**TASK BRIEF**: Return all of the data exactly, omitting any images.
*** Opening of COLLECTED DATA ***
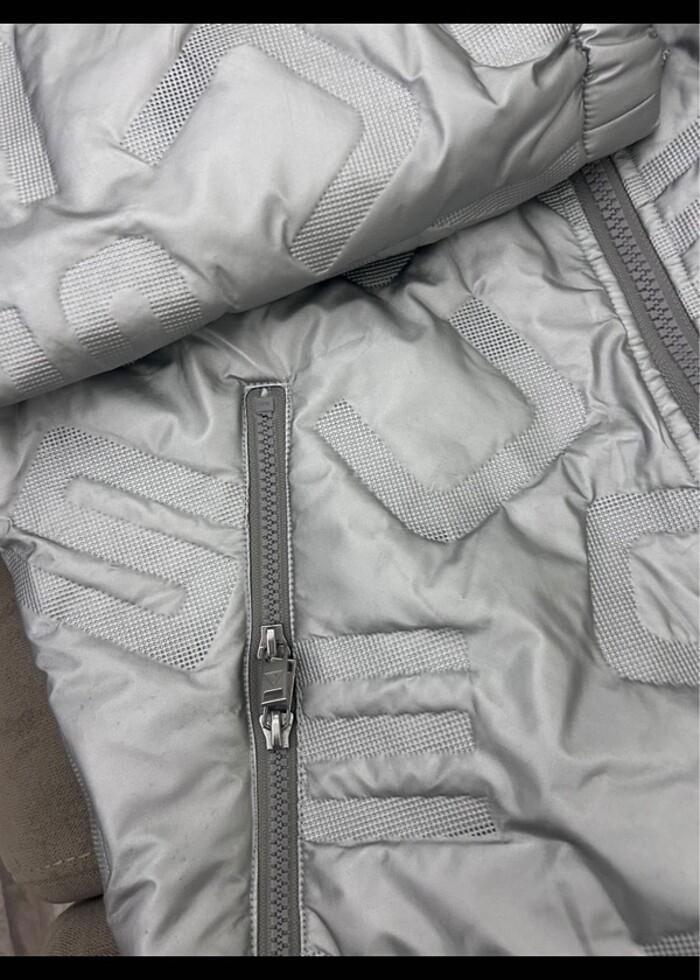 Guess Erkek Gümüş Mont - Görsel 2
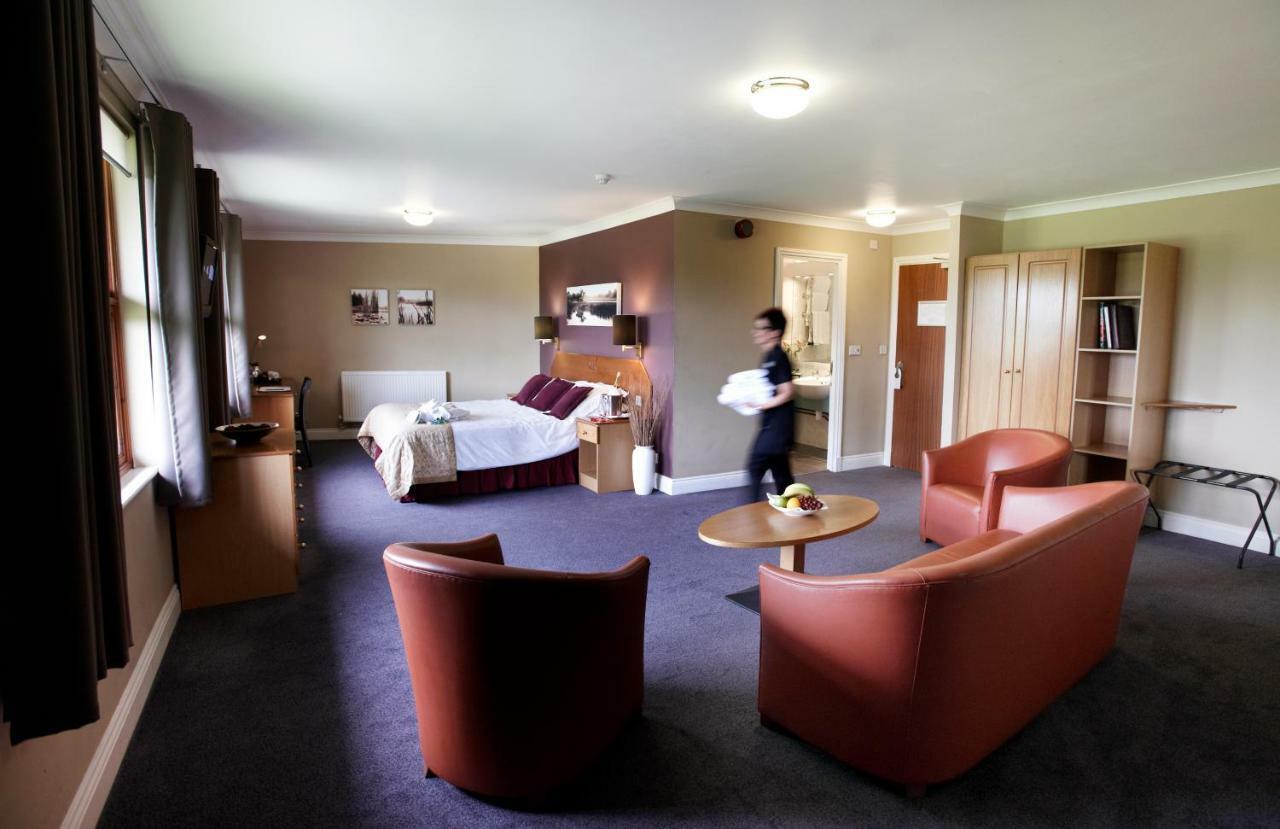 קוגשול The Essex Golf & Country Club Hotel מראה חיצוני תמונה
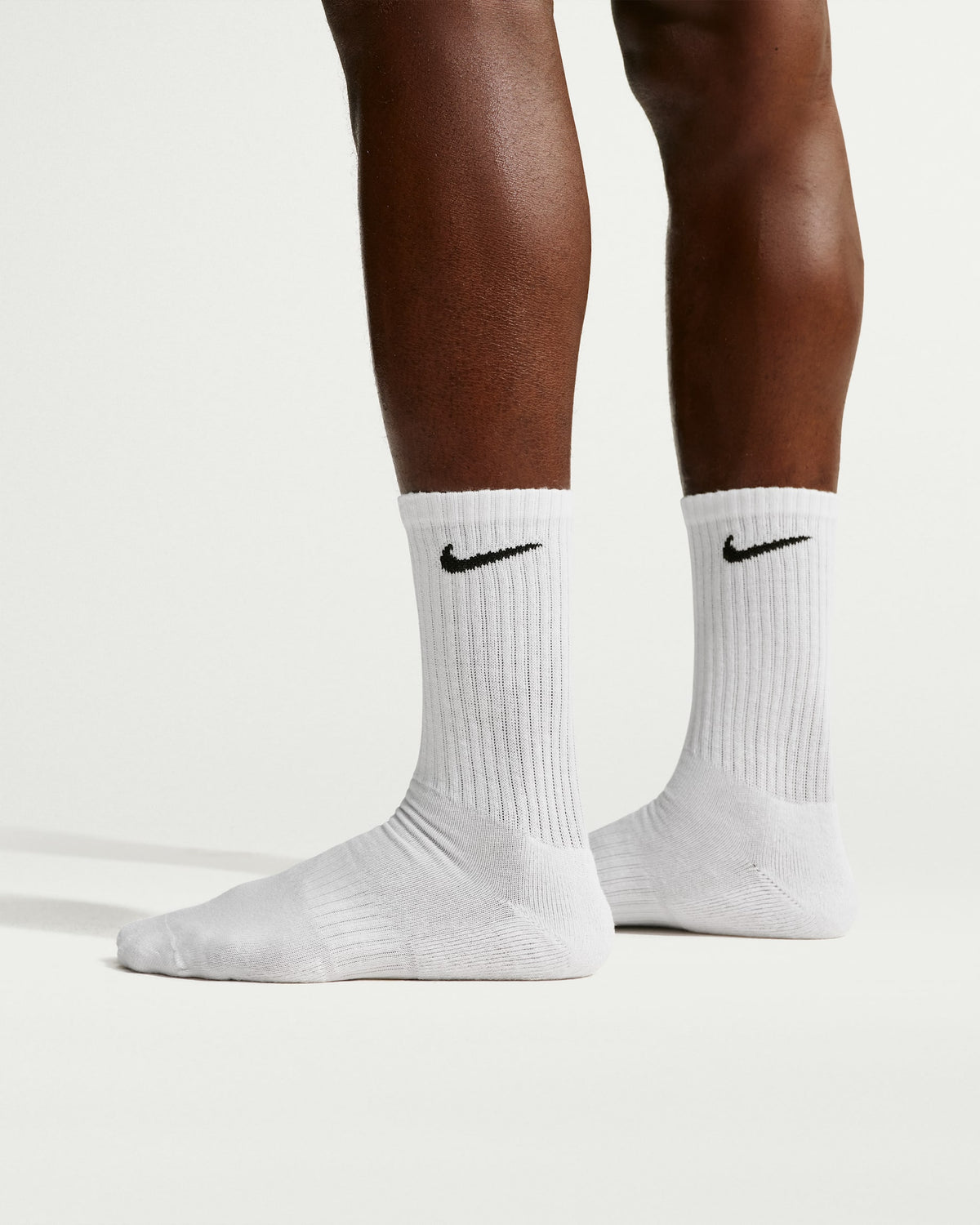 Nike Everyday Cushioned Crew Socks in White (3 Pairs)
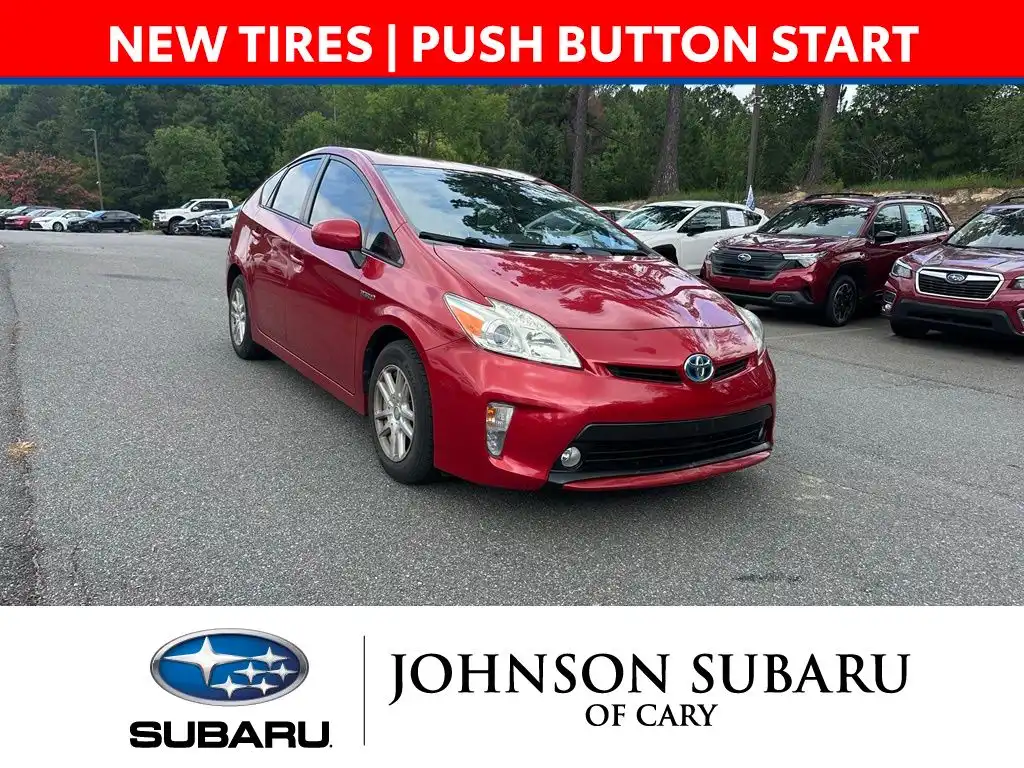 2014 Toyota Prius Three's photo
*** Close of COLLECTED DATA ***
**YOUR RESPONSE**:
 Guess Erkek Gümüş Mont - Görsel 2
 קוגשול The Essex Golf & Country Club Hotel מראה חיצוני תמונה
 Nike Everyday Cushioned Crew Socks in White (3 Pairs)
 2014 Toyota Prius Three's photo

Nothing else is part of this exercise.